Communications Skills
First, communication skills are often self-evident during an interview—assuming the interviewer has sufficient communications skills to evaluate them in others. Some ways to validate candidate communications skills include:
- Assess how well people speak in interviews.
- Assess how well people write cover letters, source code comments, prior publications, or interview exercises.
- Assess the candidate's active listening skills.
- Assess how effectively a candidate transfers ideas in layman's terms, especially regarding job-related or technical concepts.
None of these things will guarantee that the person will communicate effectively if hired, and people with disabilities may perform poorly in some of these areas despite otherwise good communications skills. Still, if effective communication is a basic job requirement, the only way to test for communications skills is to actually attempt to communicate.
Project Fit
From a project management perspective, your main concern in the interview process ought to be whether the candidate is a potential fit for your project management framework and project culture. It is generally someone else's responsibility to vet the person for the technical skills necessary to complete deliverables; even if you happen to be a technical subject matter expert, your role is managing the project, not vetting someone's source code, so focus on how that person is likely to fit within your core areas of responsibility: project framework practices and project controls.
Investment companies will be the first to tell you that past performance is not a guarantee of future results, and most interviews are really just hearsay anyway. Nevertheless, there is a lot of value in inquiring after a candidate's experience with your particular project management framework (especially when using agile frameworks) and then listening to how the candidate answers.

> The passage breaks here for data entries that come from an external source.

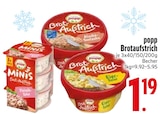 Brotaufstrich Minis Frischkäse im EDEKA Prospekt Brotaufstrich Minis Frischkäse von popp im aktuellen EDEKA Prospekt für 1,19 €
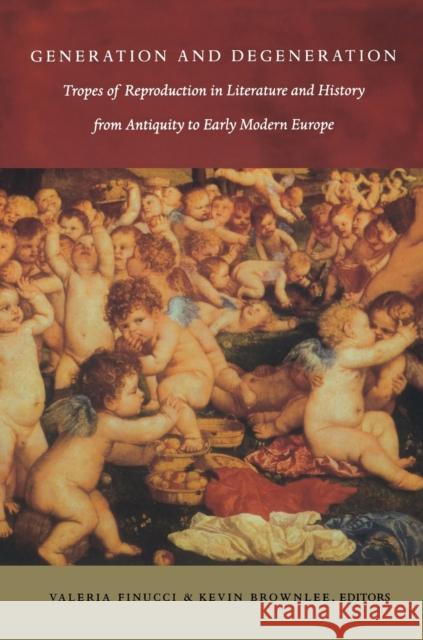 Generation and Degeneration: Tropes of Reproduction in Literature and History from Antiquity through Early Modern Europe Finucci, Valeria 9780822326441 Duke University Press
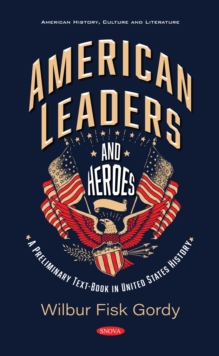 American Leaders and Heroes: A Preliminary Text-Book in United States History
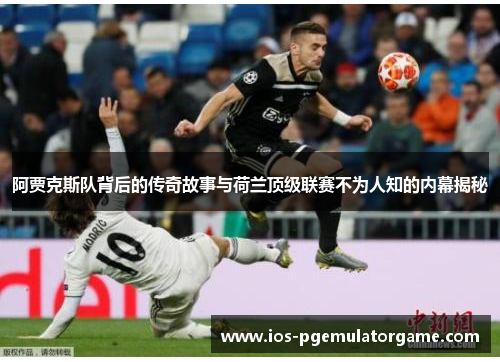 阿贾克斯队背后的传奇故事与荷兰顶级联赛不为人知的内幕揭秘 阿贾克斯队背后的传奇故事与荷兰顶级联赛不为人知的内幕揭秘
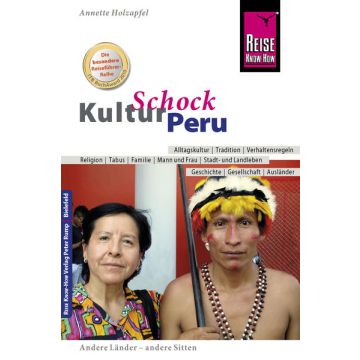 Kulturschock Peru / Reise Know-How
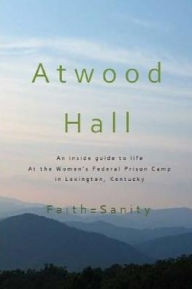 Title: Atwood Hall: An inside guide to life At the Women's Federal Prison Camp in Lexington, Kentucky, Author: Faith Sanity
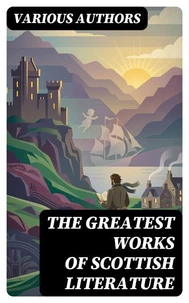 The Greatest Works of Scottish Literature
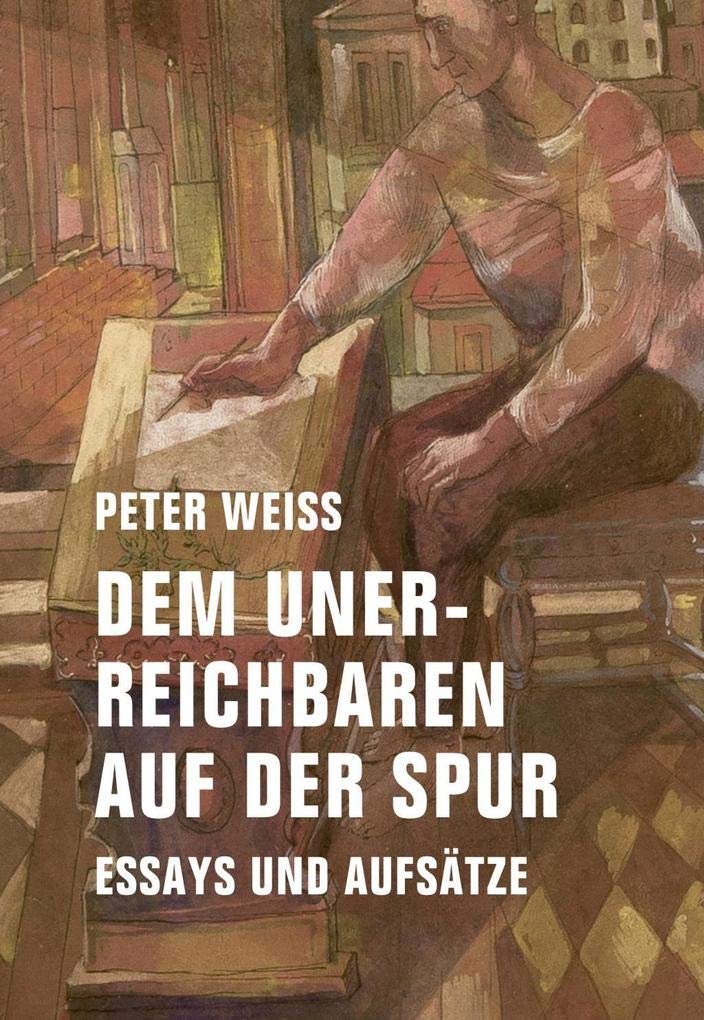 Dem Unerreichbaren auf der Spur Essays & Short Stories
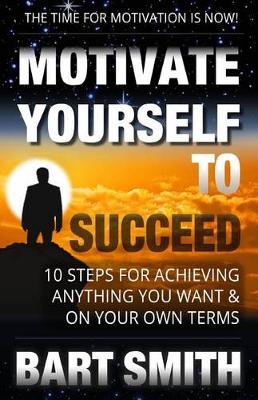 Book cover for Motivate Yourself To Succeed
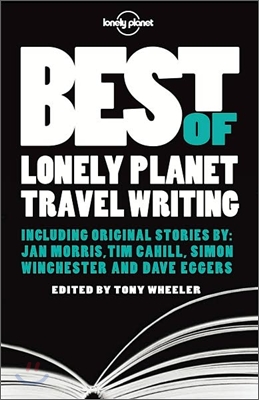 Lonely Planet Best of Lonely Planet Travel Writing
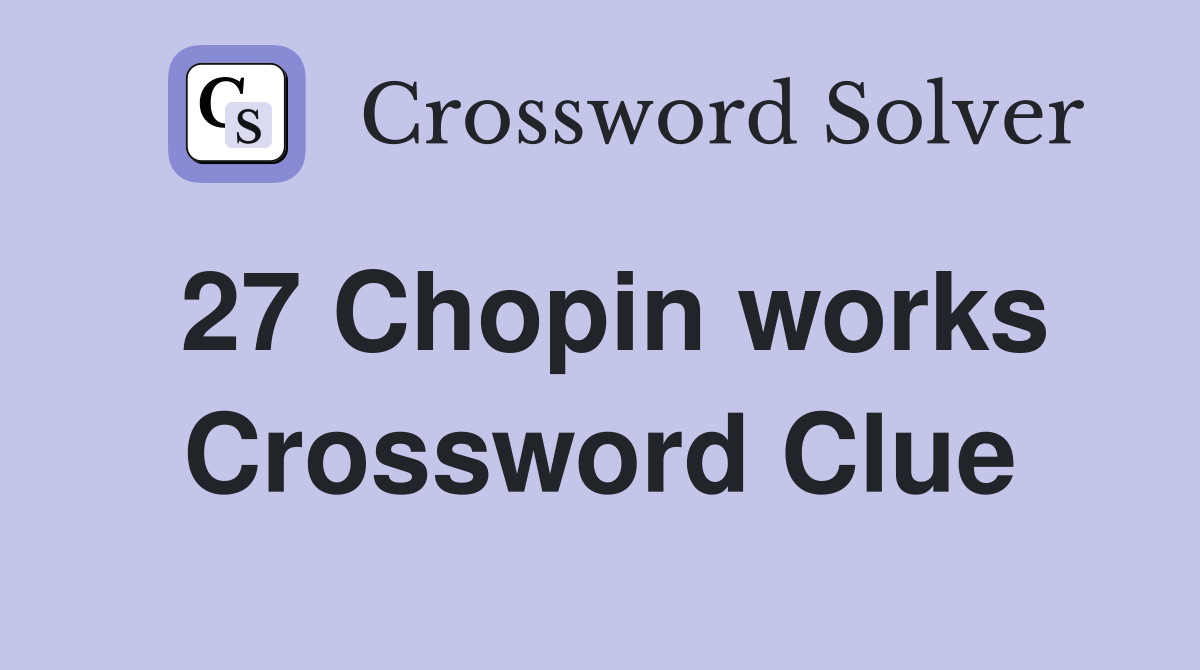27 Chopin works Crossword Clue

If you're a Scrum Master, there may be value in hiring a candidate who already has experience with a relevant Scrum role. A candidate who understands (and can articulate!) the purpose of a standup meeting or how to play Planning Poker is probably a more likely to be an effective self-organizing team member than one who is used to needing written authorization to blow his nose.
If you're a waterfall practitioner, there's probably more value in hiring someone who understands the planning and reporting requirements you need than someone who prefers to "get 'er done" without all that tedious project management stuff.
That doesn't mean you can't hire someone who isn't a project management expert, or who doesn't have experience with your particular framework. However, all other things being equal, an understanding of the team's project management framework and practices (and, perhaps more importantly, a shared appreciation of those practices) is going to be more valuable to you as the project manager than anything else you could ask.
No Guarantees
There aren't any guarantees in hiring. Even if someone is a perfect fit, they may get a better offer, learn to detest their teammates, suffer a health crisis, or decide to enter a monastery as a career change. Life is unpredictable.
All you can really do is identify what's important to you in your specific organizational role, and then do your best to select for the characteristics that make your job at least possible. If you get it wrong (and it's even odds that you will) then do your best to honestly assess whether you selected for the wrong things or whether it was "just one of those things." If the former, fix your selection process; if the latter, increase your statistical sample until you achieve the results you want.